*TASK OBJECTIVE*. Write out only the lines from the top of the listing below through the one with "Recording Vuser Scripts with", exactly as they stand, while keeping pictures out of the copy.

BEGIN SOURCE DATA

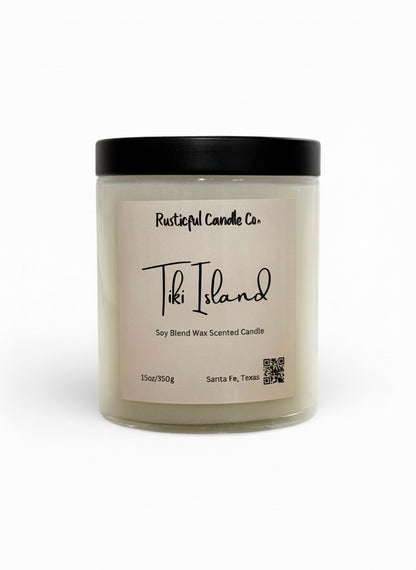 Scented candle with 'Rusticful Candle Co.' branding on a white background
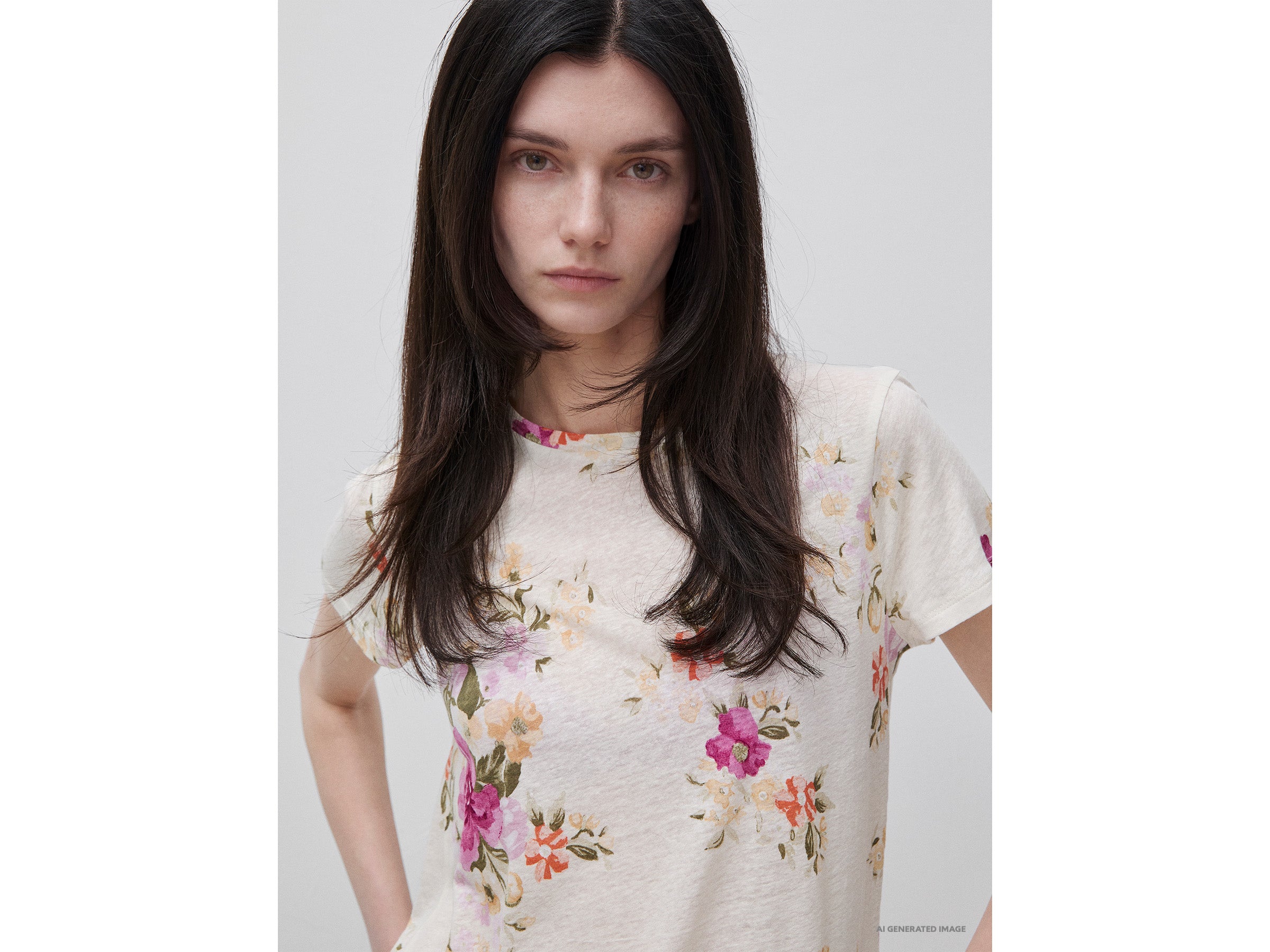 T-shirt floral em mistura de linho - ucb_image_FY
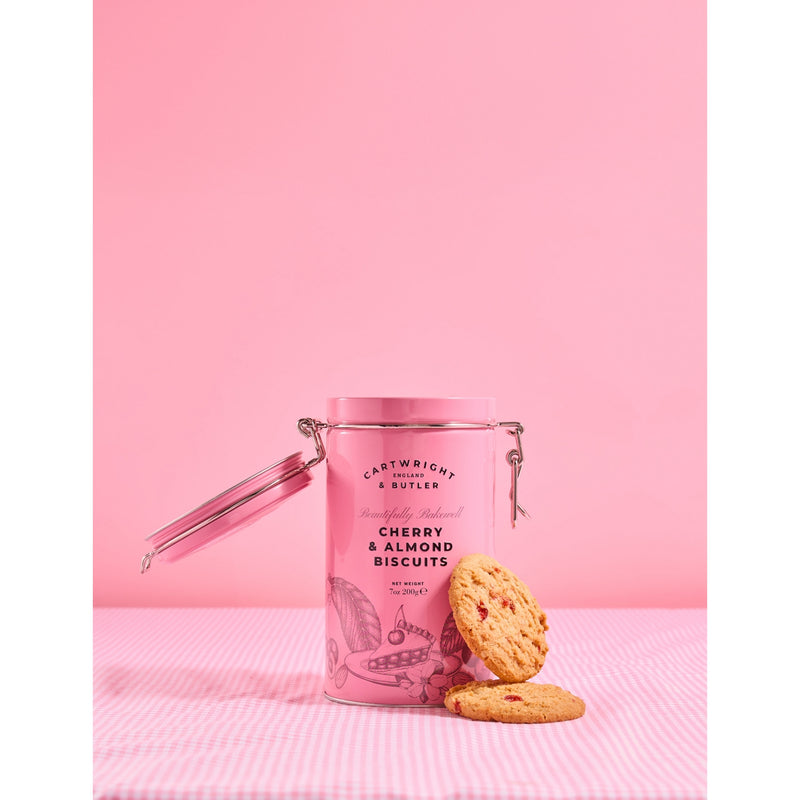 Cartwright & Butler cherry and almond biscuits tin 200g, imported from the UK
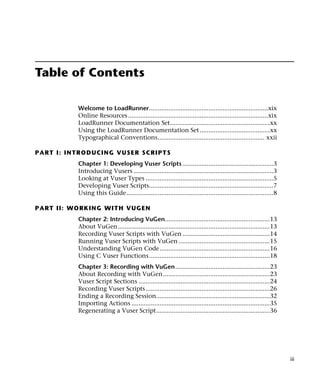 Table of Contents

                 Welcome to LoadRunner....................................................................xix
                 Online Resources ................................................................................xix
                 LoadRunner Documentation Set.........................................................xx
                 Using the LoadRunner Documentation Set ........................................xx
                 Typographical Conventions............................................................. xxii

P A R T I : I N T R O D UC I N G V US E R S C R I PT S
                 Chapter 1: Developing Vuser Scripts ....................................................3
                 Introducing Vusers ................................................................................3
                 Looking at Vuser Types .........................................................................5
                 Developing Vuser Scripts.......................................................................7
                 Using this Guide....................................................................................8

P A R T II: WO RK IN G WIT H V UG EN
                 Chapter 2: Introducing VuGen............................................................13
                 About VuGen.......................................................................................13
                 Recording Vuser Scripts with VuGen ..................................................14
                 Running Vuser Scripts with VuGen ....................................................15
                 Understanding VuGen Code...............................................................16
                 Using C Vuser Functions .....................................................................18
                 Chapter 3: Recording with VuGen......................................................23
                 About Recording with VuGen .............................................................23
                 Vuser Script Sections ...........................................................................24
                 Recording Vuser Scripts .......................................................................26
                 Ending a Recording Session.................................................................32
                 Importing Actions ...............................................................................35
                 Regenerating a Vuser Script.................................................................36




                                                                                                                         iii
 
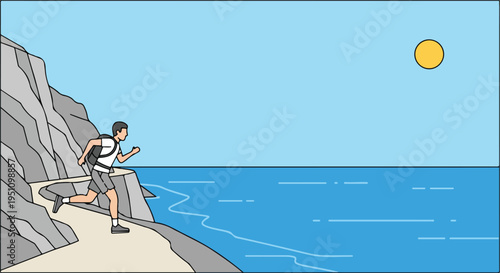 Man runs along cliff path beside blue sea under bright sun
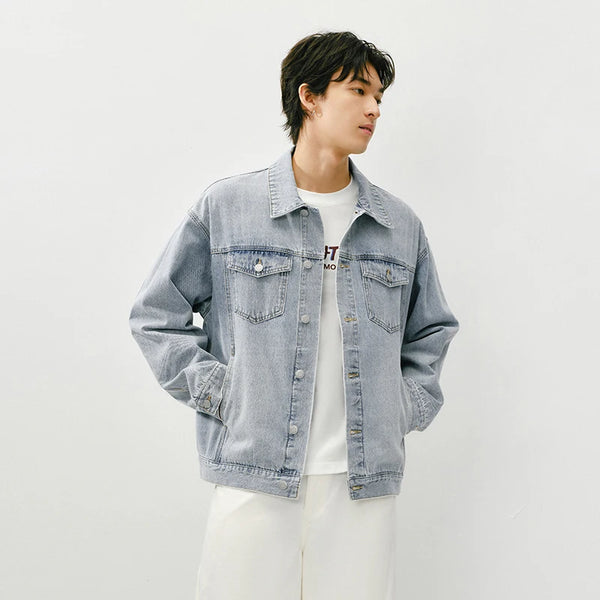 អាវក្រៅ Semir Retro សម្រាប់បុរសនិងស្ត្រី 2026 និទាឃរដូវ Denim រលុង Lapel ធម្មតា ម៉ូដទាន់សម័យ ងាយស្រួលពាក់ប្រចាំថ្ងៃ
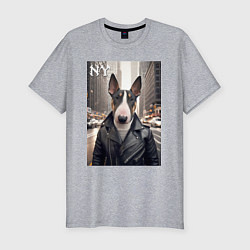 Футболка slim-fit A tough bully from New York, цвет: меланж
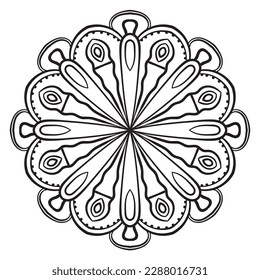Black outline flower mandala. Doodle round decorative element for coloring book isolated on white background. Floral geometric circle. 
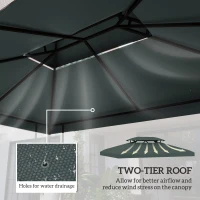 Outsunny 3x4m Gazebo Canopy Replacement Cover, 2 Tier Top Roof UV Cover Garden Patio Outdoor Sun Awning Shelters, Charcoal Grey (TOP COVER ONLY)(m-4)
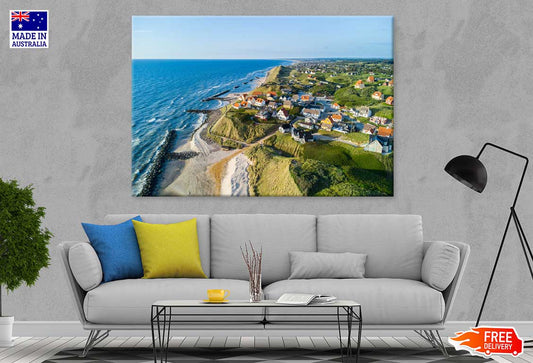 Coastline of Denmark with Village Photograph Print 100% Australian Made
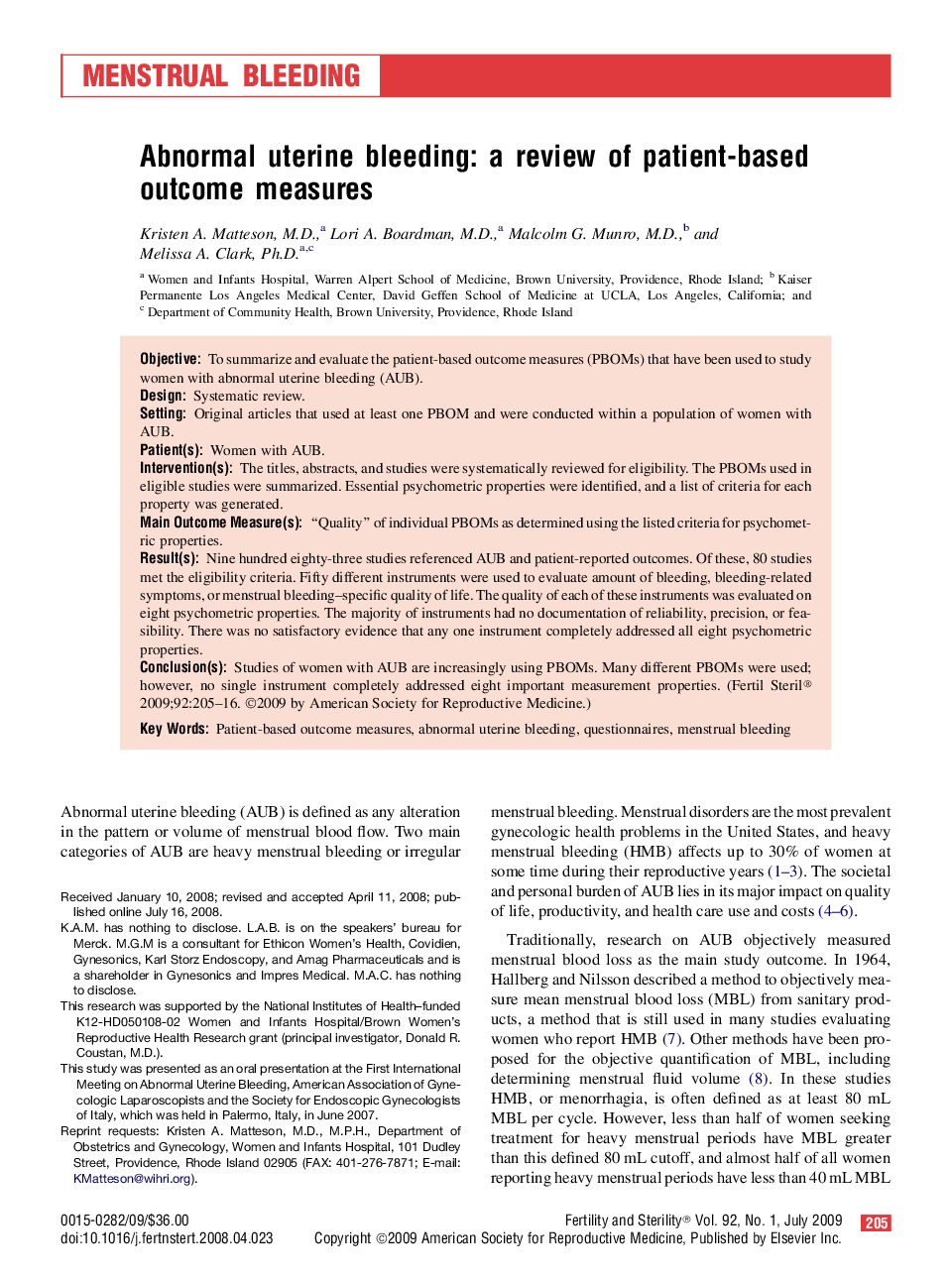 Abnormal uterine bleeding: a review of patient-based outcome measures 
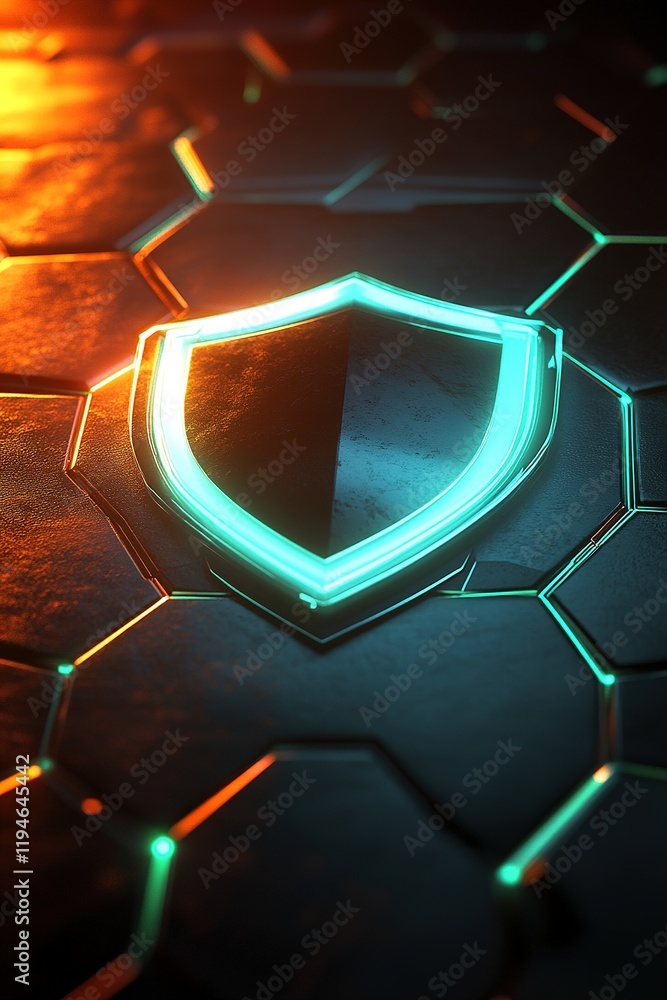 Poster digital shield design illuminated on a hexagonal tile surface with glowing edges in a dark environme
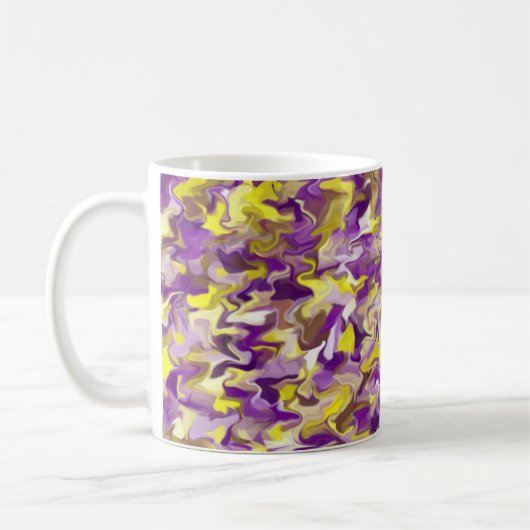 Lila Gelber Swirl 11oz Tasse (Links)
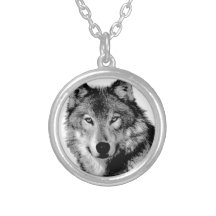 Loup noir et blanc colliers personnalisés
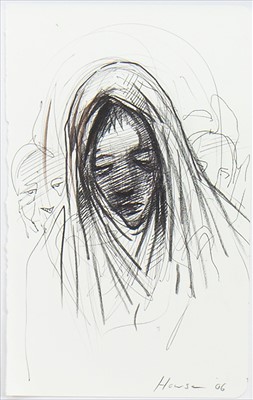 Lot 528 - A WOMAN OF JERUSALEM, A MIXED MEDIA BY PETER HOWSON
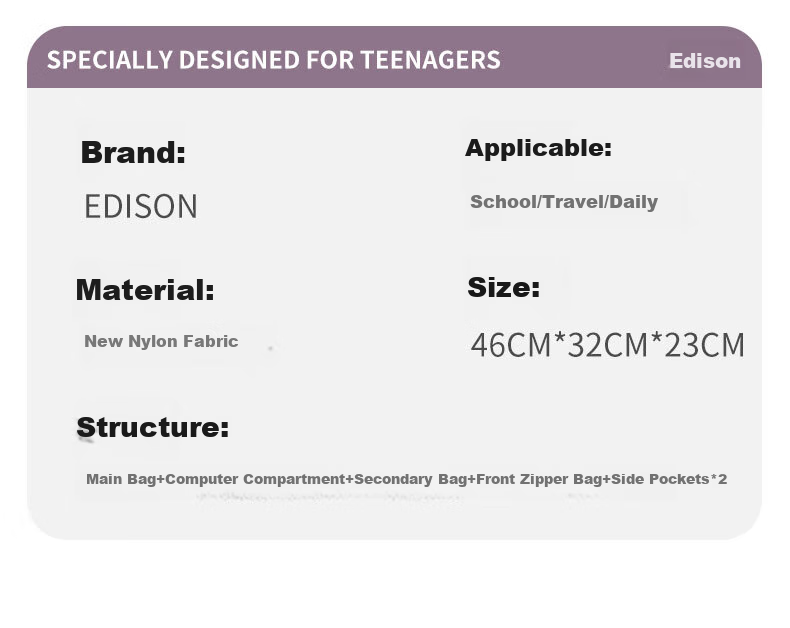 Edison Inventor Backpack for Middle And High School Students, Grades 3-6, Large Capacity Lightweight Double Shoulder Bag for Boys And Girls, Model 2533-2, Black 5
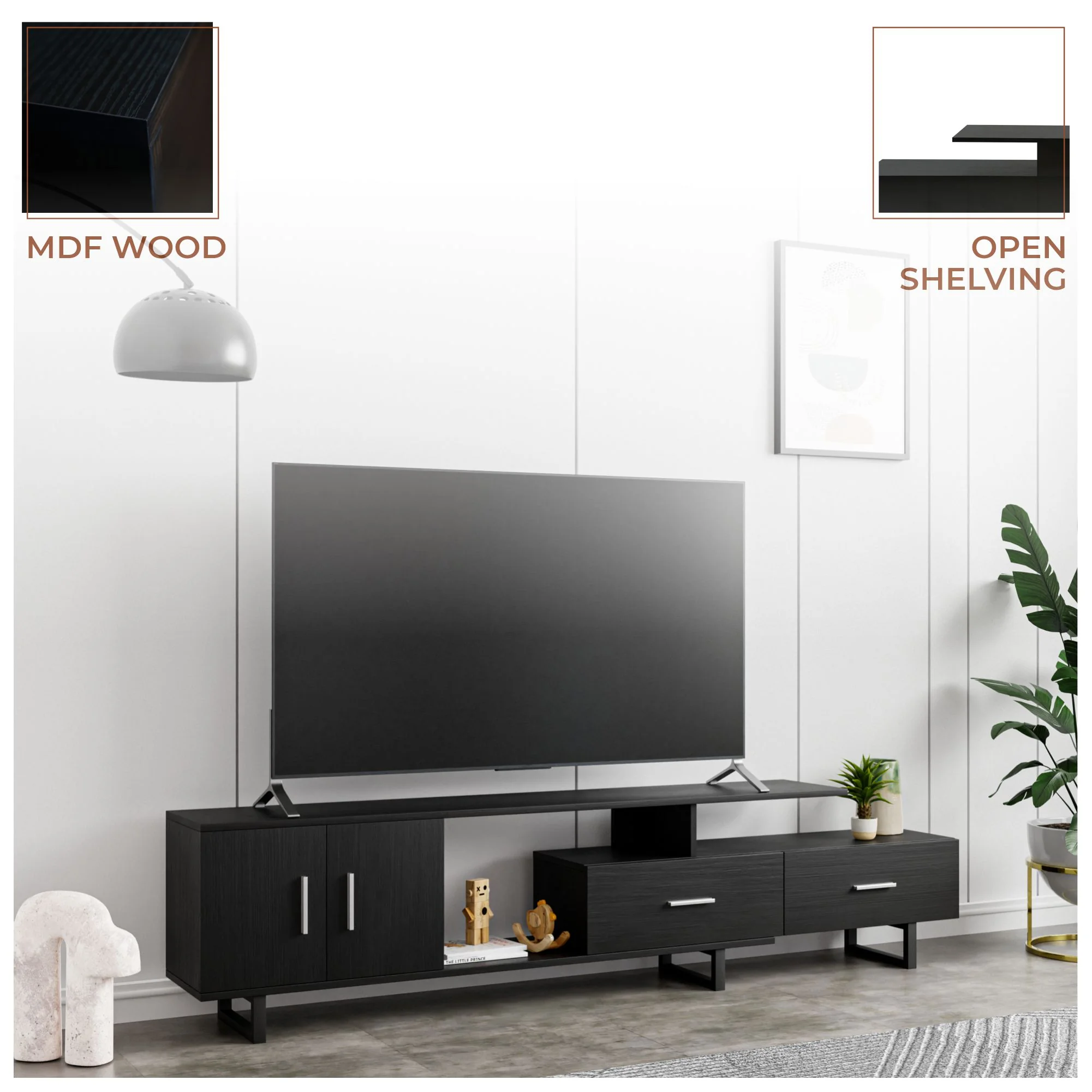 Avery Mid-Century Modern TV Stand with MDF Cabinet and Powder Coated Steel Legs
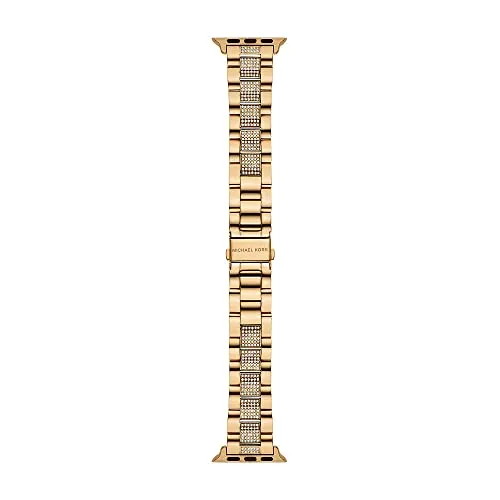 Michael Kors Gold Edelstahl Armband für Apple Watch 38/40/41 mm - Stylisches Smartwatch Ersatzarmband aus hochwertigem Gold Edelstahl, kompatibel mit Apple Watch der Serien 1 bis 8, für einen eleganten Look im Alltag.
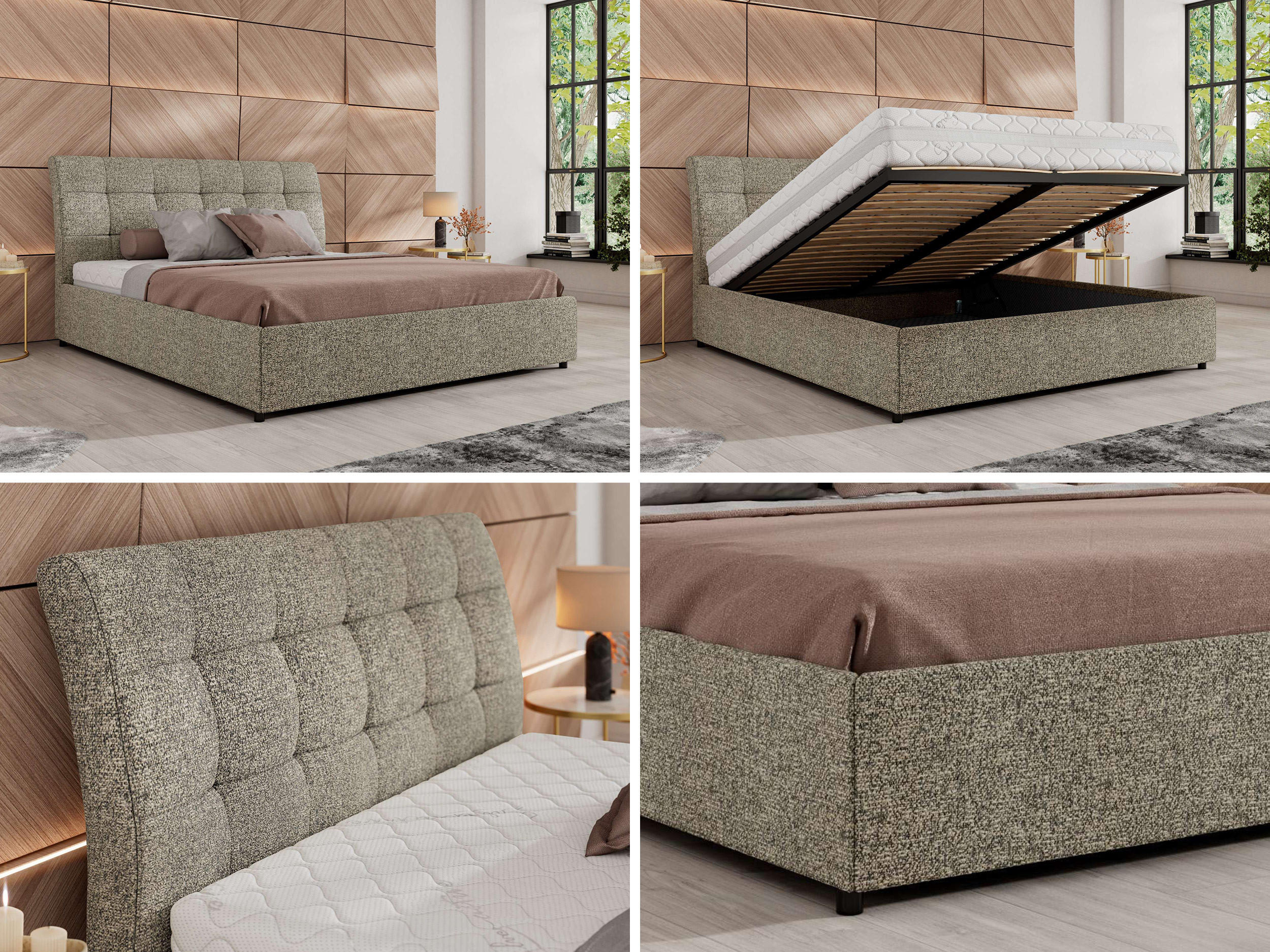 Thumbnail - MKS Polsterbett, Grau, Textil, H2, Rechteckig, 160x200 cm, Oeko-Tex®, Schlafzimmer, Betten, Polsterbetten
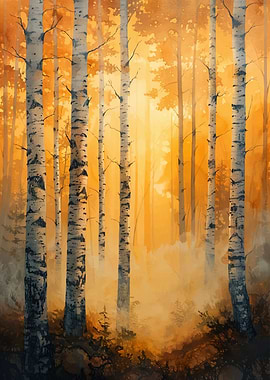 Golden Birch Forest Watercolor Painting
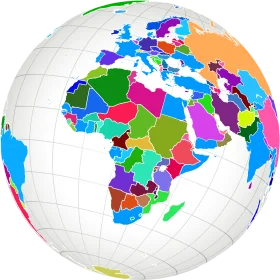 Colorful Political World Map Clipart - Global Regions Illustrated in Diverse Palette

END SOURCE DATA

*REPLY*.
 Scented candle with 'Rusticful Candle Co.' branding on a white background
 T-shirt floral em mistura de linho - ucb_image_FY
 Cartwright & Butler cherry and almond biscuits tin 200g, imported from the UK
 Table of Contents

                 Welcome to LoadRunner....................................................................xix
                 Online Resources ................................................................................xix
                 LoadRunner Documentation Set.........................................................xx
                 Using the LoadRunner Documentation Set ........................................xx
                 Typographical Conventions............................................................. xxii

P A R T I : I N T R O D UC I N G V US E R S C R I PT S
                 Chapter 1: Developing Vuser Scripts ....................................................3
                 Introducing Vusers ................................................................................3
                 Looking at Vuser Types .........................................................................5
                 Developing Vuser Scripts.......................................................................7
                 Using this Guide....................................................................................8

P A R T II: WO RK IN G WIT H V UG EN
                 Chapter 2: Introducing VuGen............................................................13
                 About VuGen.......................................................................................13
                 Recording Vuser Scripts with VuGen ..................................................14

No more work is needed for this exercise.